The Commission maintains that the 1973 directive allows the manufacture and marketing of chocolate products containing vegetable fats other than cocoa butter. It takes the view that the obligation to market those products in Spain and Italy as 'chocolate substitutes' therefore gives rise to a restriction on the principle of the free movement of goods enshrined in the EC Treaty.
Spain and Italy, for their part, submit that the 1973 directive definitively regulates which products can be sold under the name 'chocolate' and that products containing such vegetable fats are not among those. They maintain that their legislation is based on the need for consumer protection.
The Court finds, first, that the purpose of the 1973 directive is to lay down common rules in order to ensure the free movement of chocolate products within the Community. However, as regards the use of vegetable fats other than cocoa butter in those products, the legislature merely established provisional rules.
In particular, the directive expressly allows Member States to maintain national rules authorising or prohibiting the addition of vegetable fats other than cocoa butter to products manufactured within their territory. The Court points out, however, that Member States may not impose conditions contrary to the principle of the free movement of goods.
The Court holds that the requirement to alter the sales name of the products in question to 'chocolate substitutes' may compel traders to incur additional packaging costs and, in any event, may adversely affect how customers perceive those products. That would lead to restrictions on the free movement of goods.

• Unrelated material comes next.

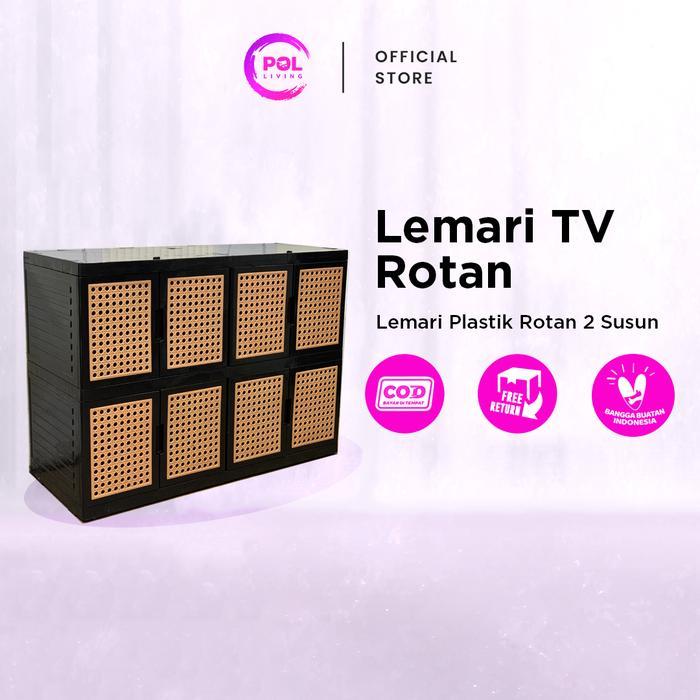 Pol - Lemari Tv Serbaguna Rotan Plastik 2 Susun Original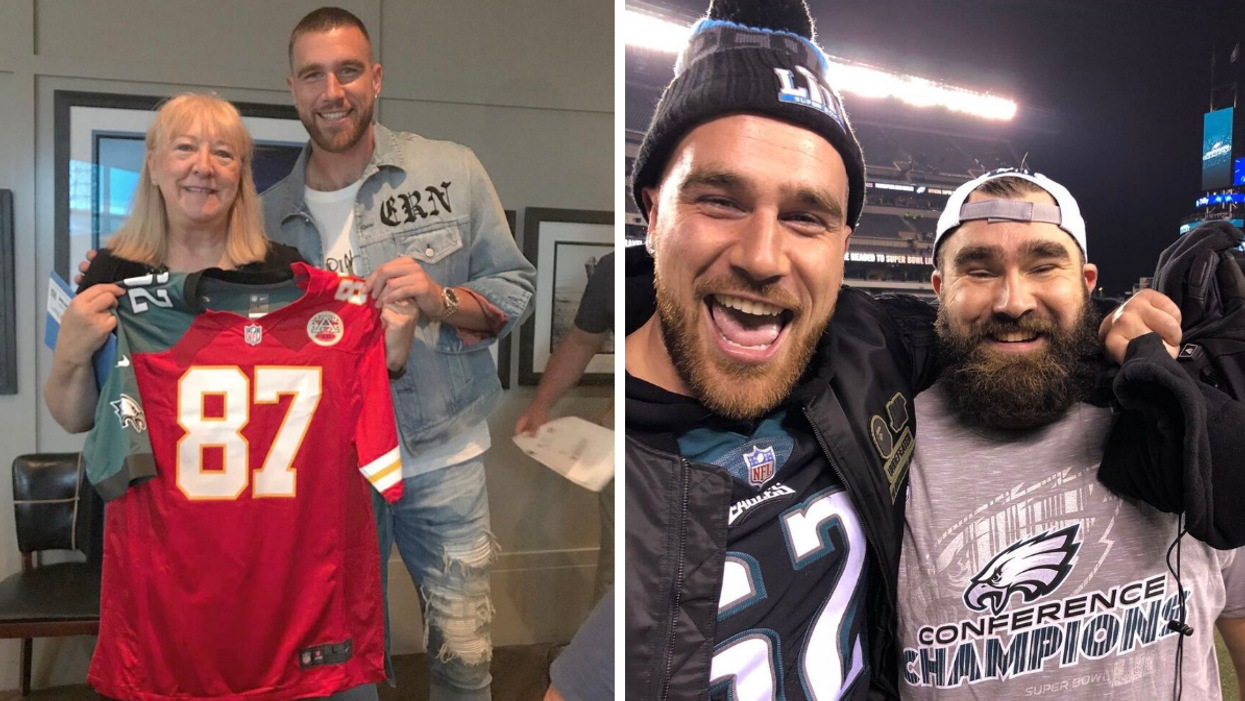 Donna and Travis Kelce holding a football jersey. Right: Kelce with his brother Jason.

Nevertheless, the Court notes that such restrictions may be necessary in order to satisfy overriding requirements relating inter alia to consumer protection, in so far as they are applicable to domestic and imported products alike and are proportionate to the objective pursued.
The Court has already drawn a distinction between two situations:
the product has undergone substantial modification in terms of its composition, which makes it different from the products understood as falling within that description;
the product has undergone modifications of minor importance, so that appropriate labelling would be sufficient to provide the consumer with the necessary information.
The Court finds that, according to the 1973 directive, the characteristic element of all products bearing the name 'chocolate' is the presence of a certain minimum cocoa and cocoa butter content. The addition of vegetable fats does not substantially alter the nature of those products. Accordingly, appropriate labelling which notes the presence of vegetable fats other than cocoa butter would be sufficient to ensure that consumers are informed, and thus protected.
In those circumstances, the Court holds that the Spanish and Italian rules are disproportionate and infringe the principle of the free movement of goods.
NB: Directive 2000/36, which will come not into force until June 2003, contains provisions which authorise the addition of vegetable fats other than cocoa butter up to a maximum of 5%.